This is a picture of the tenant's living room looking east.  Before the tenant vacated, she asked me how I clean nicotine smoke off of walls and ceilings, and I explained how to do it, but that she could use a sponge mop to get most of the nicotine off if she didn't have a wet/dry vaccuum cleaner.  You can see the tenant actually got a fair bit of the nicotine off before giving up.  You can see where she quit trying to clean in the far right corner of the ceiling.  The ceiling there was literally a light chocolate brown colour from all the tar/nicotine.  You can also see where I started cleaning with just sponges on the opposite side of the ceiling in front of the wood paneled wall.  I soon gave up with the sponges, and went with the spray/brush/vaccuum system.






Can you guess where the pictures were hung on the walls?






Not only could you see where pictures were hung on the walls by the outline in the nicotine/tar staining, you could see where furniture was located on the floor, even on the carpet.  This photo shows where the tenants had a round stand.  You can clearly see how the nicotine/tar has affected the colour of the surrounding carpet.
     The wall around the electrical outlet was cleaned with dilute bleach, and you can see how some of it dripped down the wall to leave a streak in an otherwise nicotine/tar stained wall.

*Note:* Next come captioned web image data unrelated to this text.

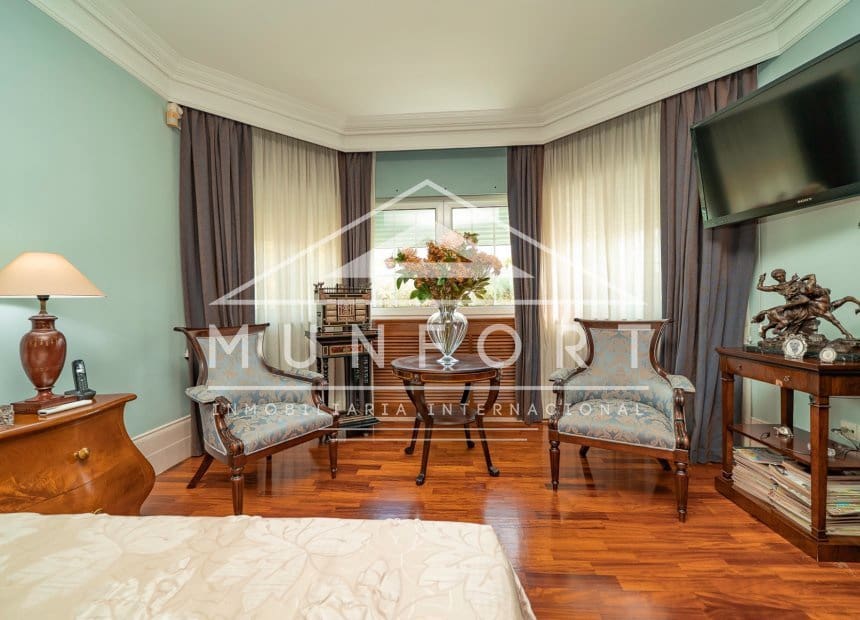 5 makuuhuone Huvila myytävänä paikassa San Pedro del Pinatar mukana uima-altaan - 1 299 000 € (Ref: 9940864)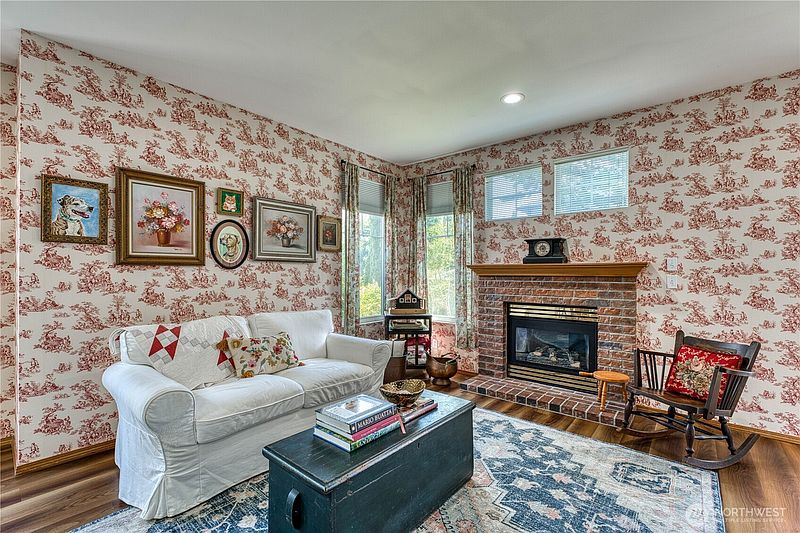 4th image of 9640 Long Point Lane NW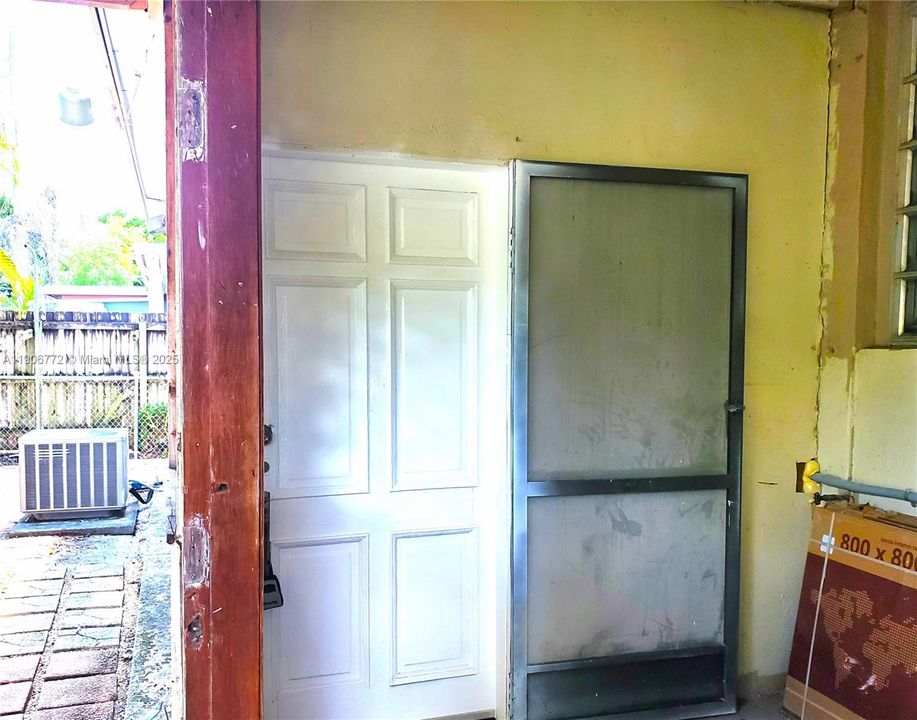 For Rent: $2,400 (3 beds, 2 baths, 2682 Square Feet)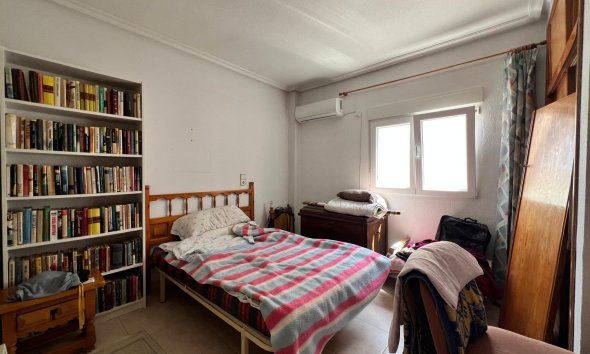 Reventa - Apartment -
Torrevieja - Centro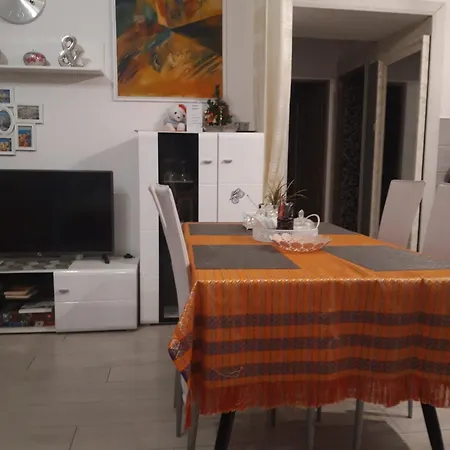 Grey Orchid - Studio Apartment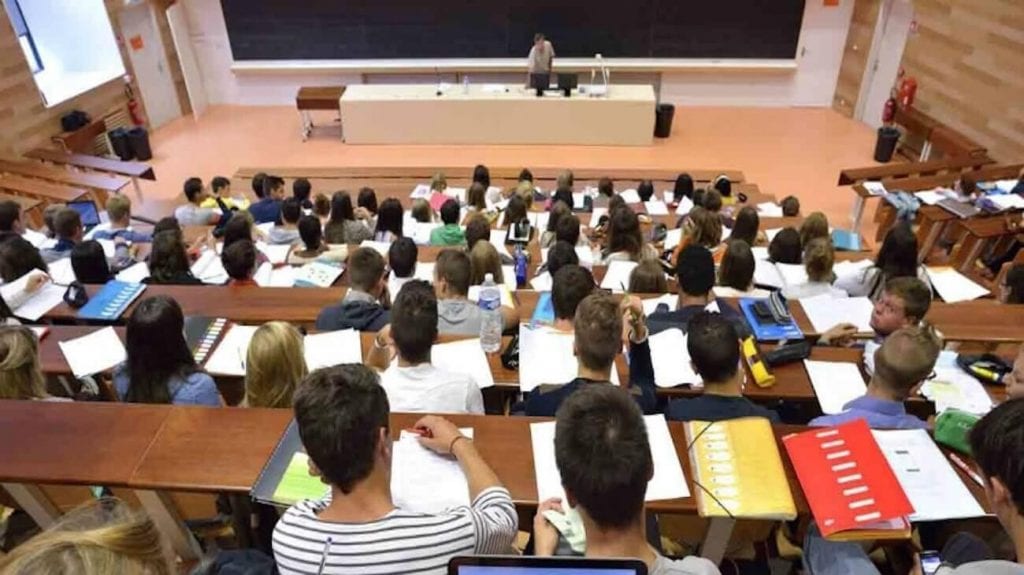 France : Les Algériens et les Marocains en tête du classement des étudiants étrangers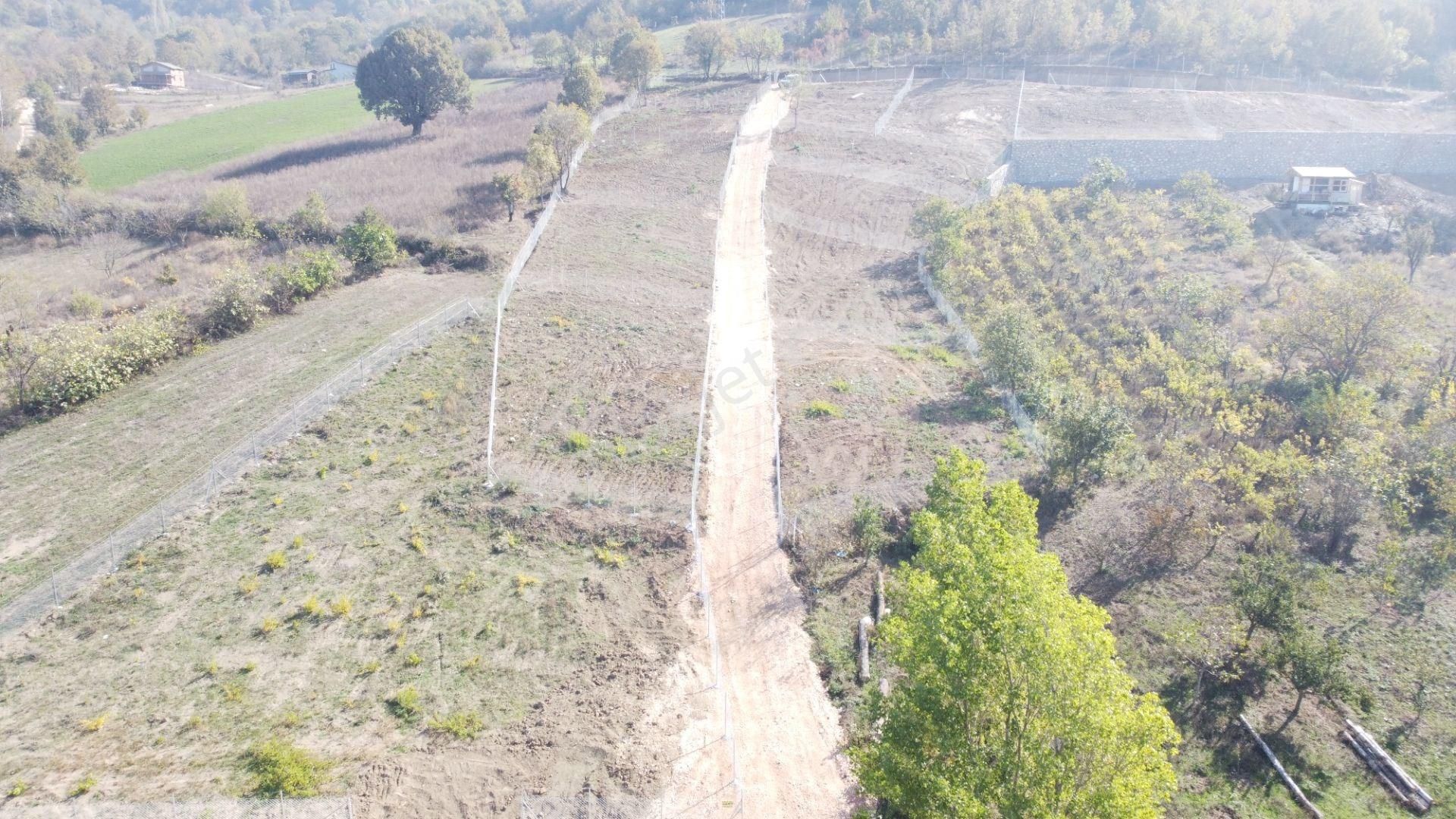 Güngörende Tek Tapu Resmi Yola Cephe Tel Örgüsü Çekili 5 Numara - Görsel 25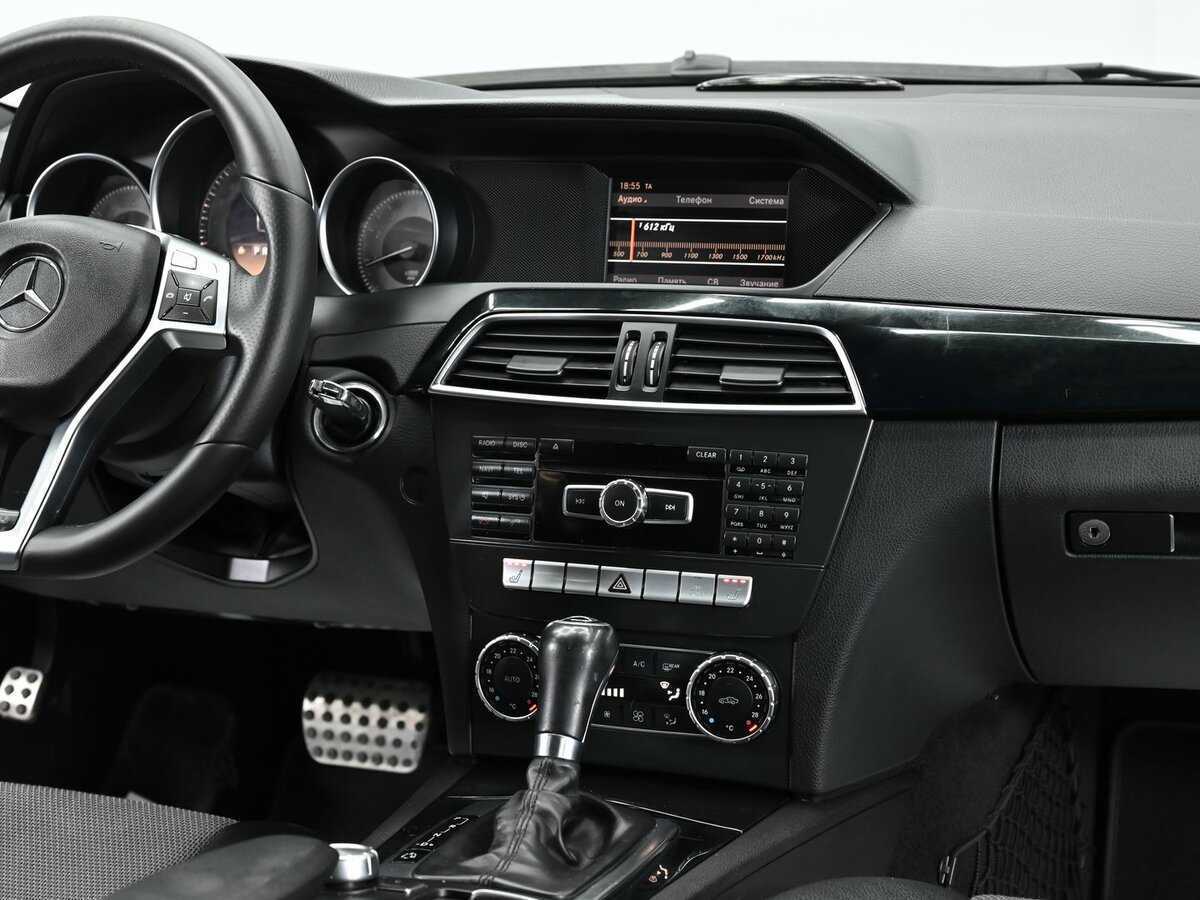 Б/У Мерседес-Бенц Ц-Класс 2011 года. Фото: #8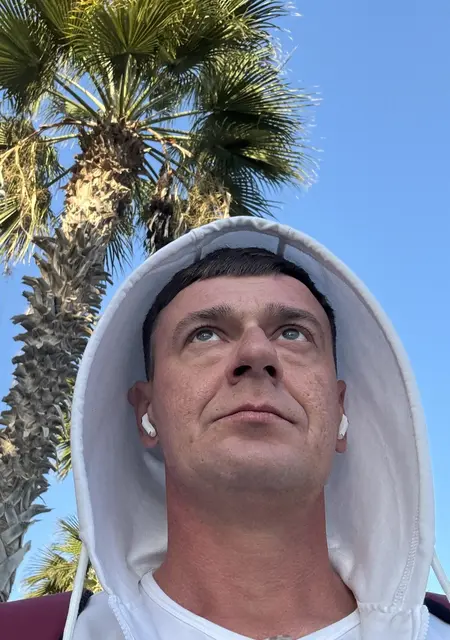 Я Игорь, 36, знакомлюсь на одну ночь в Каире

     The living room and dining room in the suite were the worst.  Generally, smoke staining is worst where the smoking takes place.  Still, the smoke travels throughout the apartment or house and gets on everything.


----------



## oldognewtrick (May 7, 2010)

Shazam, what were they running there a hookah?


----------



## Nestor_Kelebay (May 8, 2010)

That was the worst smoke staining I've had the priviledge of cleaning up after a pigtenant moved out.  There were two other pigtenants that came pretty close, tho.

It's no wonder cigarette smoking is a health hazard.  Can you imagine what those tenant's lungs are like?  Man, it's a wonder they can still breathe.

But, there's a silver lining on every rain cloud.  If it wasn't for my having to face cleaning challanges like this one, I wouldn't know how to approach a problem like this.  But, once you put away the sponges and rags, and start using much larger tools like garden sprayers and 10 inch wide scrub brushes, you do just as good a job, but the work gets done a lot faster.  Even doing an apartment with sponges and rags would be like cleaning an auditorium floor with a tooth brush.

That's why I say... I do a lot of renovating, but the one thing I do more than anything else is cleaning.  And, just like everything else, there is a learning curve for cleaning too.


----------



## AJBiddle (Dec 4, 2012)

Ok so how did you clean out the carpet?

Has anyone tried TSP (trisodiumphosphate), Vinegar washing, and Vamoose?


----------